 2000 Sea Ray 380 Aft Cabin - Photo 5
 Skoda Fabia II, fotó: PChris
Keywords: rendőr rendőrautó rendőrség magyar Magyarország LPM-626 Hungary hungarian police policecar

══════════

* **PROBLEM TO WORK ON**
Your answer should be exactly the lines of the material above, starting at the one that holds "Skoda Fabia II, fotó: PChris" and ending with the last.

* **OUTPUT FOR THIS TASK**
 Skoda Fabia II, fotó: PChris
Keywords: rendőr rendőrautó rendőrség magyar Magyarország LPM-626 Hungary hungarian police policecar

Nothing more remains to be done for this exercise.